By giving area residents a way to share food, money and time with the needy over the past 24 years, Lillian "Ma" Green, venerable queen of the city's volunteers, has made the annual holiday project a Washington institution, feeding an estimated 25,000 persons.

Less well known, however, is the equally durable partnership between Project Harvest and the Anthony Bowen Branch YMCA. The Y has been the headquarters for assembling and dispersing the holiday bounty for all the years of the project's existence.

"Here, meet Tom Hargrave," Lillian Green proudly tells a volunteer who had taken the day off from his job as a hotel chief of security to help assemble boxes and load food onto waiting delivery trucks. "He's the head man."

Thomas B. Hargrave Jr., president of the YMCA of Metropolitan Washington, is smiling -- happy about Project Harvest and the Anthony Bowen YMCA these days. Eight years ago, when Y officials voted to close the deteriorating Bowen branch on 12th Street NW and move it to temporary two-room quarters, a prolonged howl of protest went up.

Hargrave and his board were roundly attacked. How could the Y build a gleaming new $5.3 million headquarters at 17th Street and Rhode Island Avenue NW for rich folks when it wouldn't find the money to restore the first black YMCA branch in the country?
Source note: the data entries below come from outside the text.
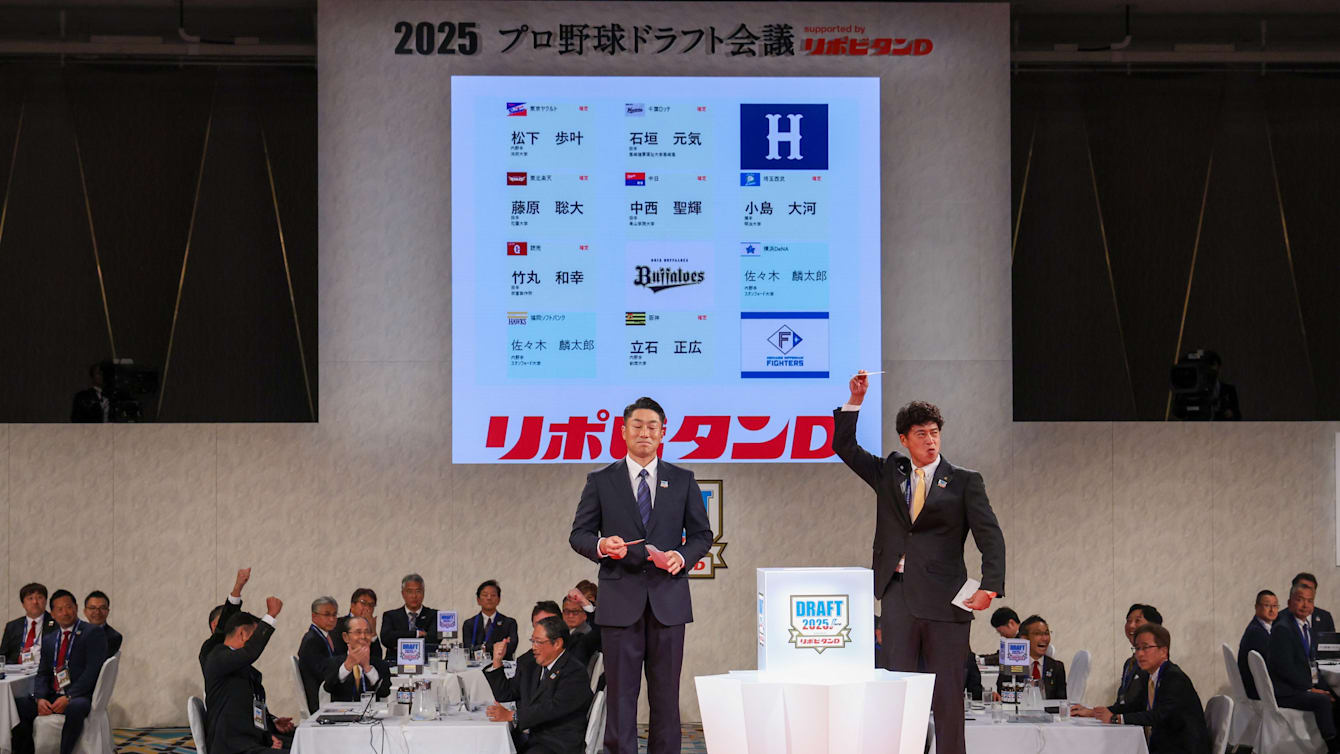 プロ 野球 ドラフト 会議(02)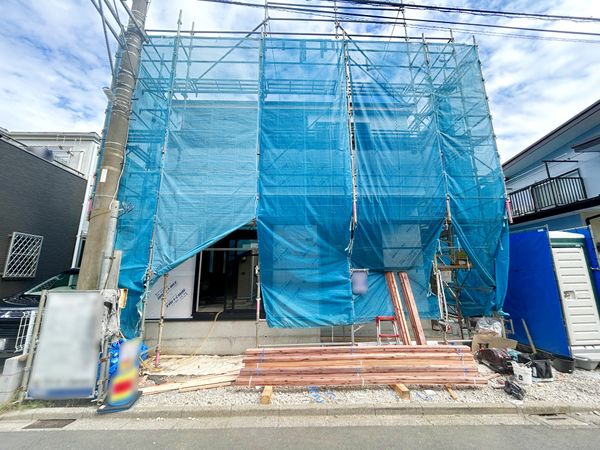 和光市南1丁目 新築戸建 外観 和光市南1丁目 新築戸建 外観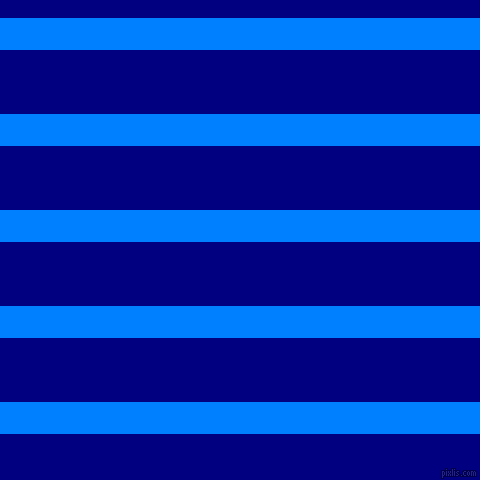 horizontal lines stripes, 32 pixel line width, 64 pixel line spacing, Dodger Blue and Navy horizontal lines and stripes seamless tileable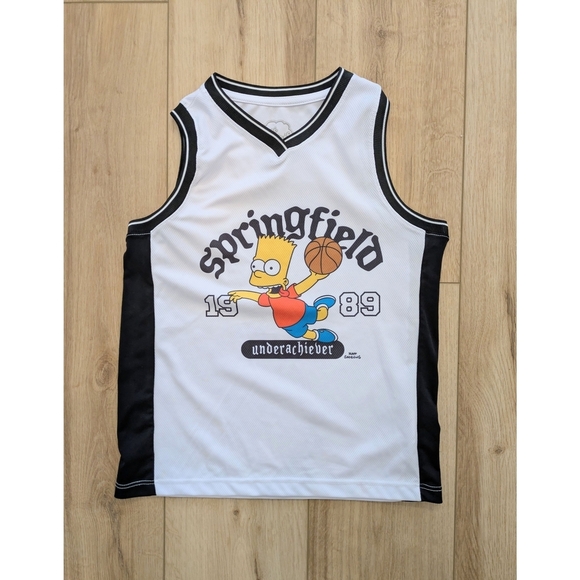 Simpsons Other - Simpson Kids Jersey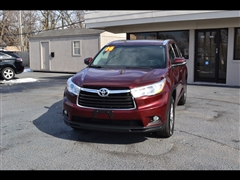 2014 Toyota Highlander 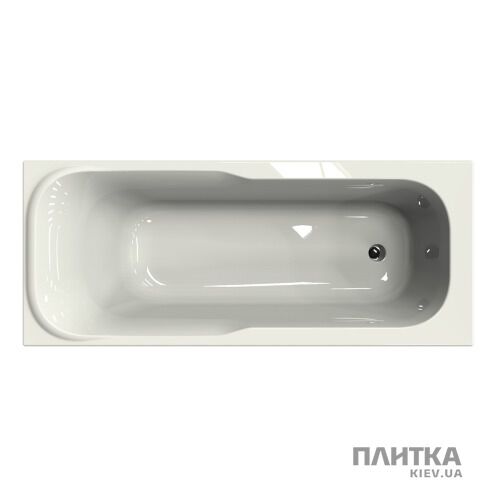 Акрилова ванна Kolo Sensa XWP356000N 160х70 білий - Фото 1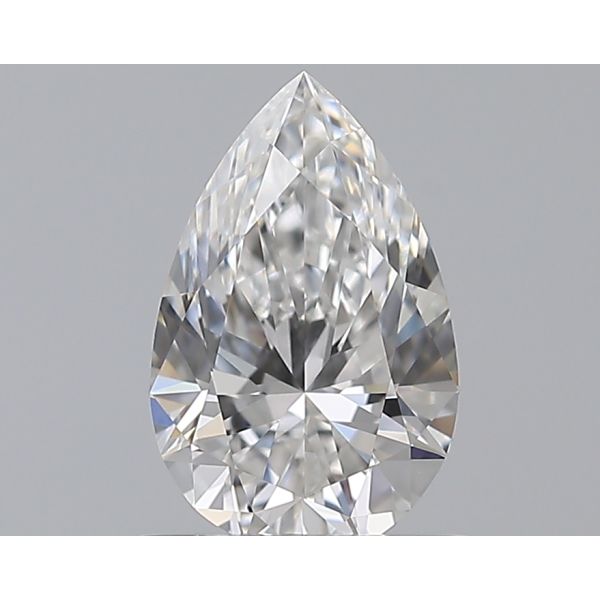 PEAR 0.7 F VVS2 EX-VG-VG - 7503357364 GIA Diamond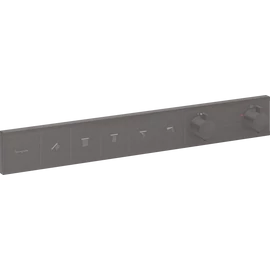 Hansgrohe RainSelect Termosztát falsík alatti Kád/Zuhany telepítéshez, 5 funkciós 15384340
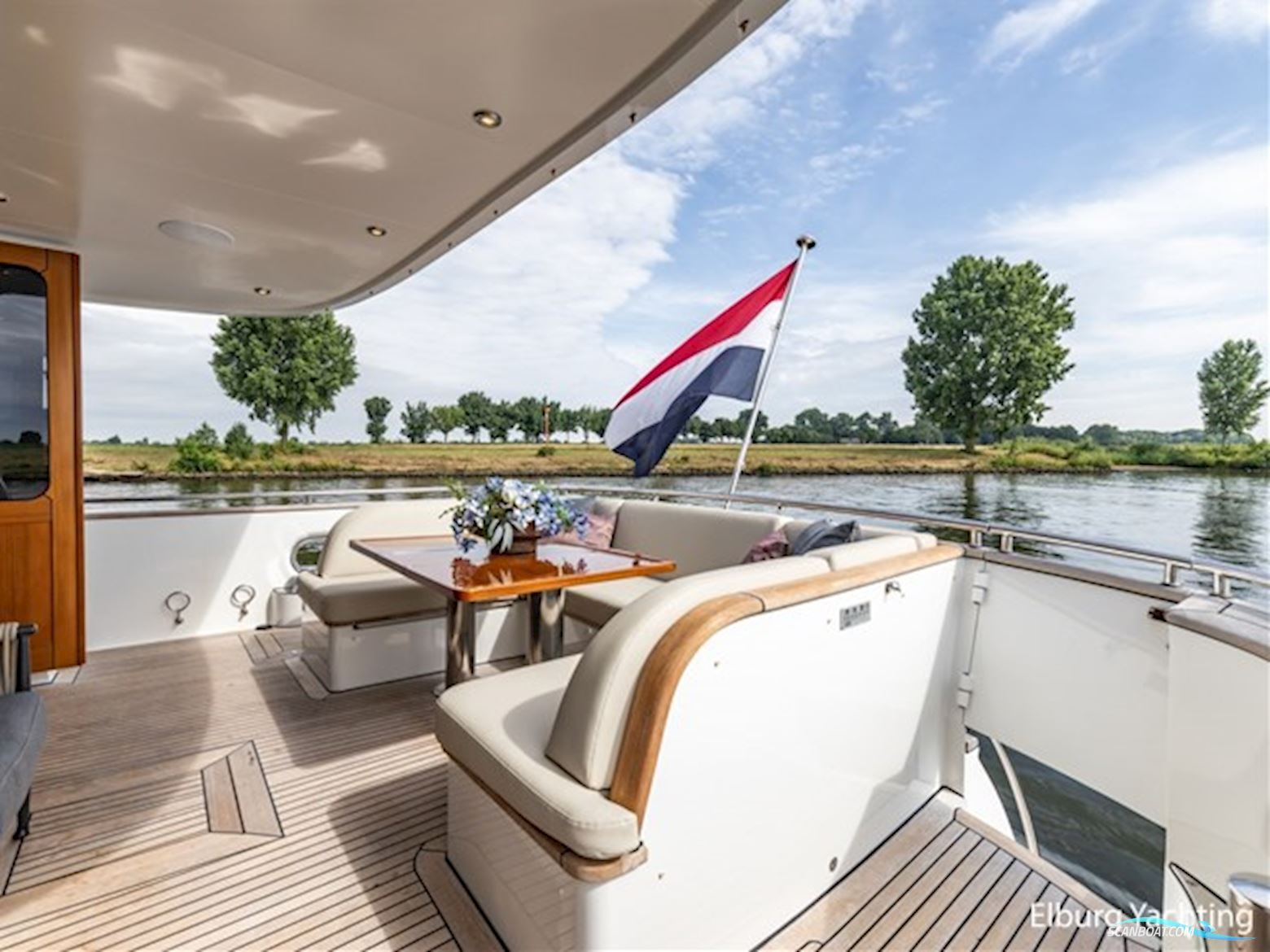 Mulder 73 Wheelhouse - Alu Fast Going - Float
In Shaw, Bowen had been an oasis in a desert of drug activity, substandard housing and poverty. Now, overnight, it was closed.

Hargrave, who had spent the first 13 years of his professional career working in segregated YMCAs in the South, was deeply disturbed by the black community's and media's criticism. For five years, the cramped temporary site was the Bowen home while Hargrave, the board, the community and the city tried alternative strategies to rebuild Bowen.

In l987, the Y board learned that the Hillcrest Children's Center at 1325 W St. NW was for sale, and purchased it for $3.5 million. After spending $700,000 to renovate Bowen, the Y reopened in newly refurbished headquarters, right where it was needed most -- in the middle of one of the city's most notorious drug markets.

Just as volunteers form the heart and soul of Project Harvest, they also play an important part in the operation of the Bowen branch of the Y. Kent T. Cushenberry, of International Business Machines, and Delano E. Lewis, president of Chesapeake & Potomac Telephone Co., viewing the District's homicide statistics as a stunning example of how drugs and crime are destroying the city's youth, have served as co-chairmen of a capital campaign to pay for the building.

In addition, students from Howard University are paired with young girls from the community for a mentoring program. "The history of this institution is one of the reasons it is so special," said executive director Janice Williams, alluding to Bowen, the freed slave who founded the branch in l853.

Just Say No clubs, homework centers and recreational programs are among the activities offered to youths. Exercise programs that include aquatic aerobics are among the programs for seniors. Several of the senior citizens waiting patiently Tuesday in a second-floor room for their boxes of collards, turkey and yams said the Y's exercise programs are an essential part of their lives.

As I sit down to my Thanksgiving turkey today, I probably will be able to eat it with a little more peace of mind because of the efforts of Green, Hargrave and Williams and of all the volunteers who were loving and caring enough to count their blessings and create a small blessing for 25,000 others.